Ainsi, la sexualité des adolescents ne dépend pas d'eux mais de leurs parents et des responsables communautaires qui constituent des canaux de transmission d'information dans les domaines de la sexualité tels que la chasteté, la virginité prémaritale, la soumission à leurs maris aux filles et le sens de la responsabilité pour les garçons.

La société actuelle, contrairement à la précédente, n'assigne pas de fonctions sociales précises à la jeunesse. La société traditionnelle était sécurisante pour elle. L'autorité qu'y avait la famille s'est réduite à l'heure actuelle (Caldwell et al., 1991 et Diop, 1995). L'influence de la famille sur l'enfant, en ne se limitant point à transformer son affectivité en vue de l'accommoder à la vie de la communauté, dépouille celui-ci de toute fonction sociale. Son éducation y est prise en charge par l'école et les médias : télévision, radio et presse écrite véhiculant de nouvelles idées qui créent des comportements différents.

L'éducation des jeunes à l'école ne les prépare pas seulement à des rôles d'acteurs à l'intérieur de la famille et dans un nouvel environnement où la réussite de l'individu n'est plus liée à sa communauté, mais résulte de sa capacité à assimiler un savoir "scientifique" et à innover (Diop, 1995).

L'école et les nouvelles activités récréatives éloignent souvent les jeunes des adultes et la séparation des sexes n'y est plus assurée. Ces activités récréatives qui se rapportent au cinéma, aux soirées dansantes, au football (...), raccourcissent le temps que les jeunes sont sous le contrôle des parents ou passent dans le cercle familial.
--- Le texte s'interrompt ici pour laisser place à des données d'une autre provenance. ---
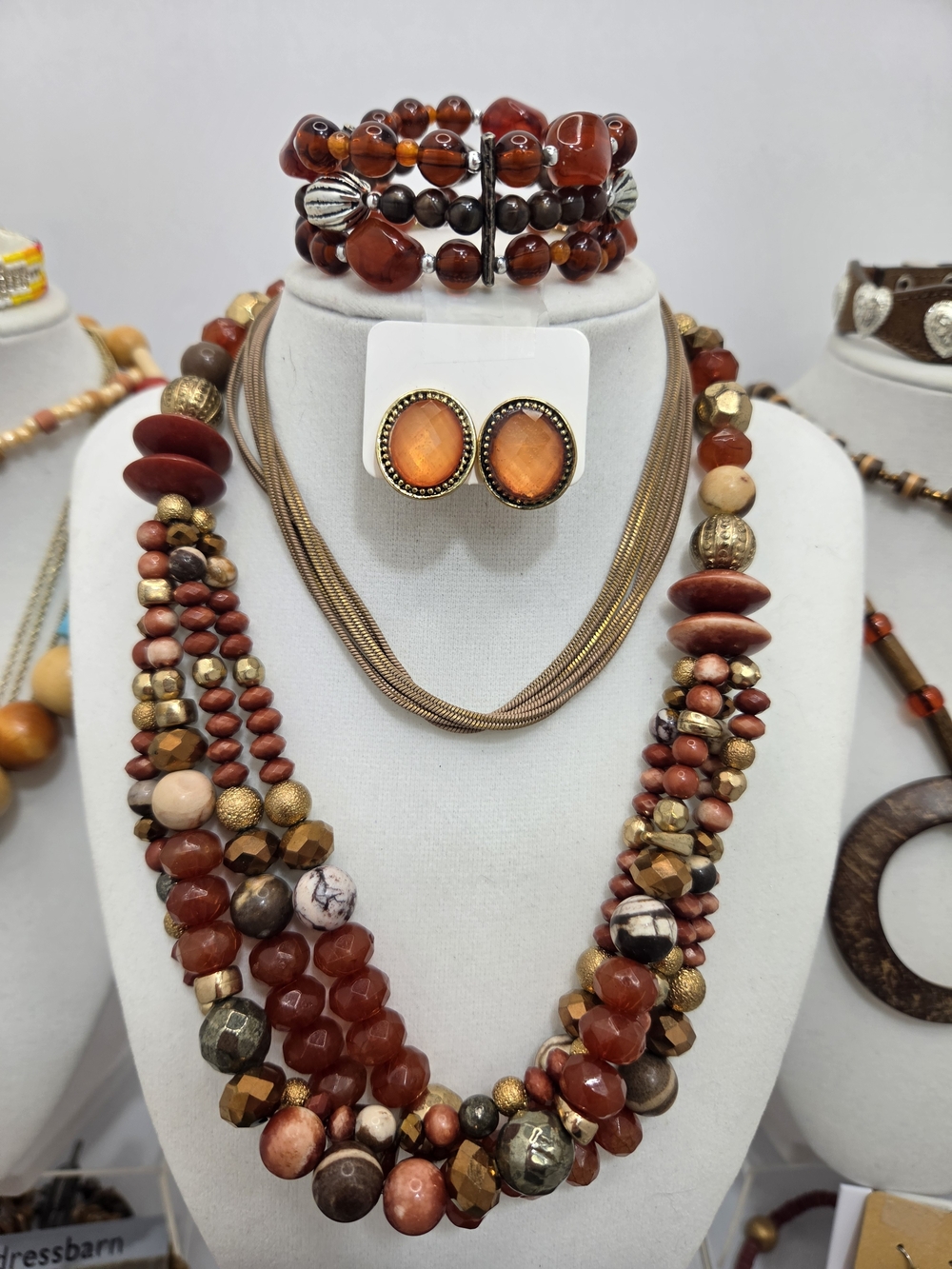 HUGE ​58pc Vintage & Modern Jewelry Lot CHICO'S BELK J CREW Necklace Earrin TOBI - Picture 7 of 16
Il s'en suit le développement de l'activité sexuelle précoce des jeunes observé dans la plupart des villes africaines.

Les études existantes ont pris en compte, entre autres facteurs, l'ethnie, la religion et le milieu de résidence pour concrétiser le milieu socioculturel régi par les valeurs, normes, dogmes et idéologies.

i) Ethnie

L'ethnie est le cadre de production des modèles socio-culturels propres à chaque société. Elle conditionne les pratiques des populations notamment des adolescents. L'ethnie joue un rôle important dans les différences des comportements sexuels des adolescents. Elle agit plus à travers les croyances, les perceptions, les valeurs relatives au modèle culturel de référence (Akoto cité par Mudubu, 1996).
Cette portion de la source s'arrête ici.